The NHS was risking patients having to be readmitted as medical emergencies and hospital beds becoming even more scarce by failing to adhere to its own guidelines on discharge, it said.

“While our findings show some positive examples, it’s alarming that guidance on safe discharge from the hospital is routinely not being followed,” said Louise Ansari, the patient champion’s chief executive. Healthwatch asked 583 people and their carers how their discharge had gone.

“Over half weren’t told who they could contact for help and advice about managing their medical condition after coming out of hospital, leaving them feeling confused and neglected,” she added.

That failure to share contact details was “counter-productive [because] this lack of knowledge increases the risk of patients soon ending up back in already-overcrowded hospitals or going to their GP”.

Healthwatch also found that 59% of patients discharged were not asked if they needed help getting transport home or to a care home or wherever they were going to – a clear breach of government guidelines, which obliged hospital discharge teams to arrange transport if needed, it said. The NHS needed to urgently improve discharge processes before it came under intense pressure this winter, when hospitals often ended up with too few beds for the surge in the number of patients cold weather brings.

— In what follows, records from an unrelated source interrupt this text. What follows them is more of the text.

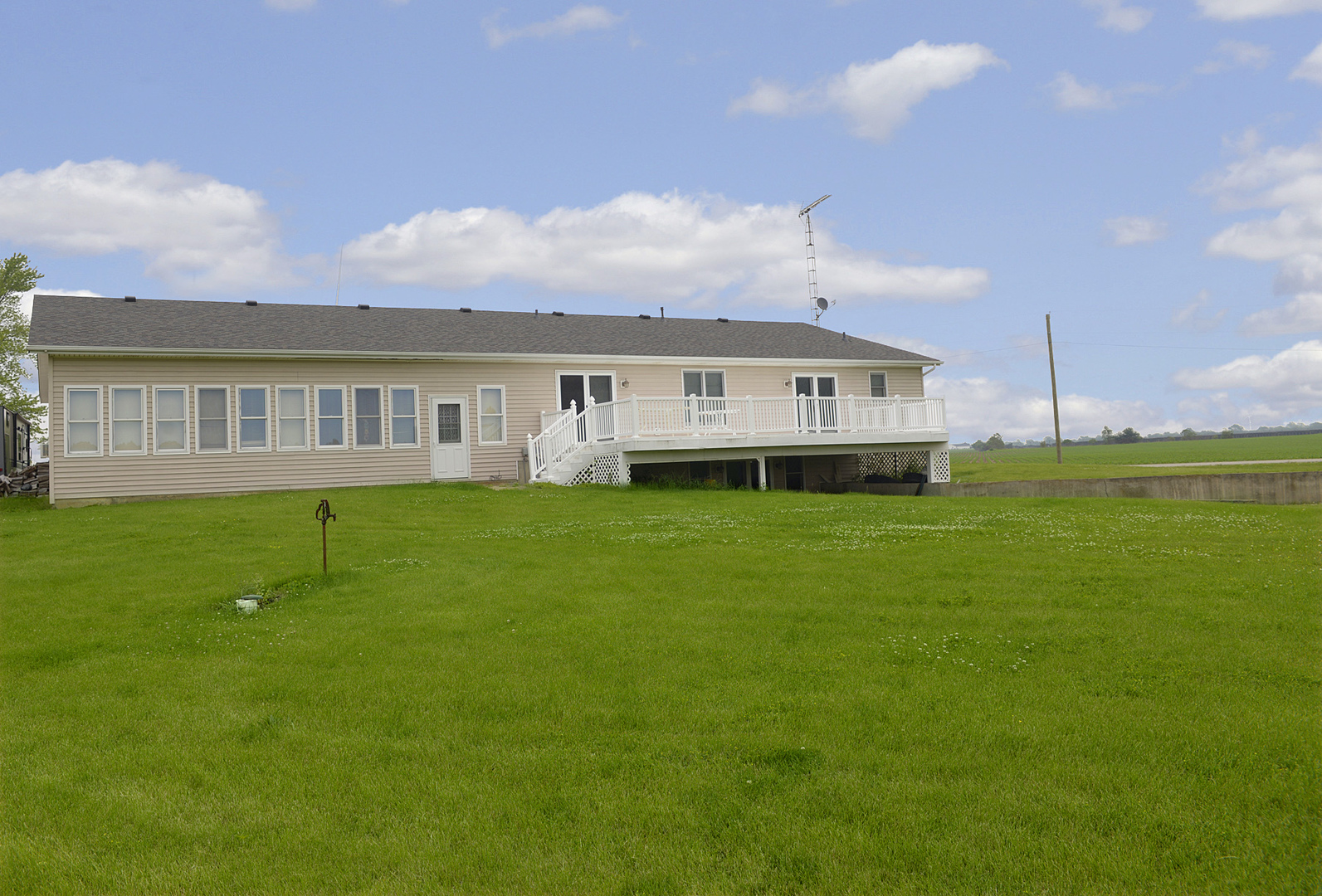 2098 North 15th Road Streator, IL 61364 - Photo 22 of 23 a house view with a garden space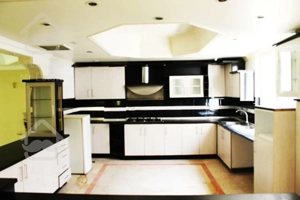 200 متر بهترین لوکیشن اختیاریه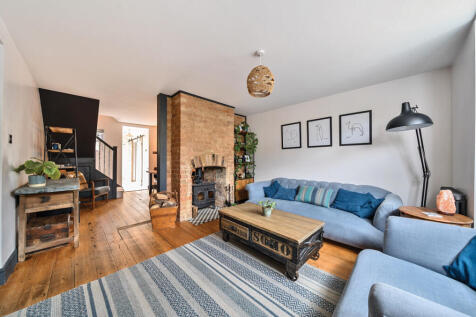 1294097-9-682f32f...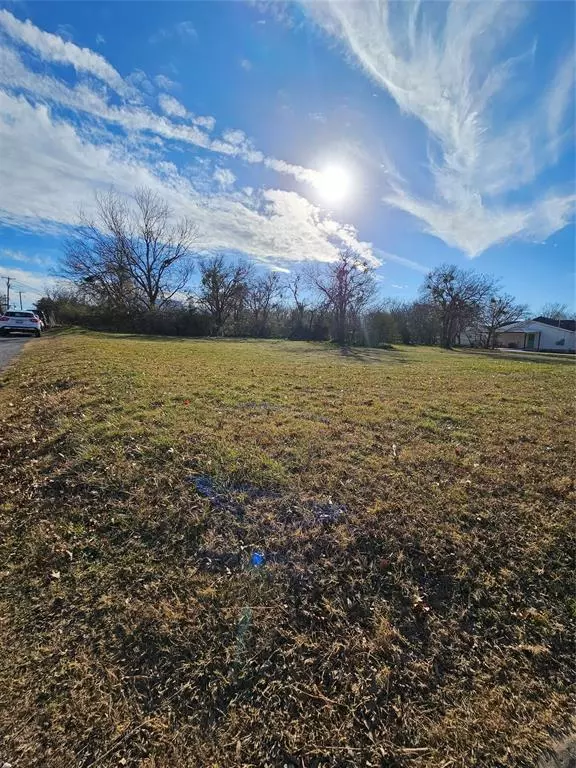 Jacksboro, TX 76458,607 W Live Oak Street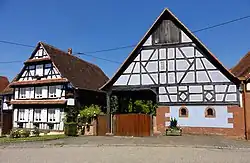 Ferme (XVIIIe et XIXe&nbsp;siècles), 8 place d'Echauffour.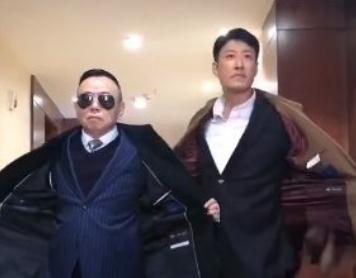 于震是潘<a href=/shenghuo/980b91be575154d239960ffe26bea38e.html target=_blank class=infotextkey>長江</a>什么人？兩人是師傅徒弟關系？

A woman who sustained injuries including broken bones in her legs when she got trapped between two vehicles in Windsor told Healthwatch how she was given no help getting home to Herefordshire, several hours away, on her discharge from Wexham Park hospital A&E in Slough.

She had to get a taxi to the station and get home on her own because she had no family or friends nearby. She said: “Once the medical bit is done, you’re just sort of abandoned. I was just told to go home and rest. No follow-up plan was offered. No treatment plan, no pain relief, no numbers for support.

“When I got home I visited a private GP who told me that I in fact needed trauma follow-up and I’ve been getting treatment privately since then.”

Similarly, a 96-year-old woman called Gladys who had a bad fall in April was sent home after her operation with post-discharge support that her family, who care for her, thought was inadequate. It involved only limited physiotherapy, but not a spell in a residential rehabilitation unit, to help improve her mobility, despite her frail condition and the risk of falling again.

“No equipment was provided for us to help Gladys get moving again, like a Zimmer frame. The individual staff are caring but the system isn’t set up to help you get better”, Gladys’s daughter-in-law told Healthwatch.

She ensured Gladys did did a more comprehensive set of exercises than the NHS had recommended – action that the surgeon at her follow-up appointment said meant she would be able to walk again, which the exercises the NHS had advised may not have done.

Thea Stein, the chief executive of the Nuffield Trust thinktank, said politicians and the NHS did not give enough attention to discharging people safely.

“Our obsession with urgent care and a narrow definition of frontline staff means we don’t focus anywhere like enough on transitions from hospital to home, which is often patchy and can be bewildering and confusing for patients and their families,” said Stein, an ex-health trust chief executive.

“This approach is a false economy and can often end up with patients readmitted just days after leaving hospital. This is particularly troubling as the NHS is on the brink of yet another tough winter.”

A Department of Health and Social Care spokesperson said it was putting £1.6bn over two years into improving hospital discharge and that delayed discharges had fallen 13% since January.

“It is vital people receive the right care in the right place, and we are working to ensure patients are discharged safely from hospital, as soon as possible after they are medically fit to do so,” they said.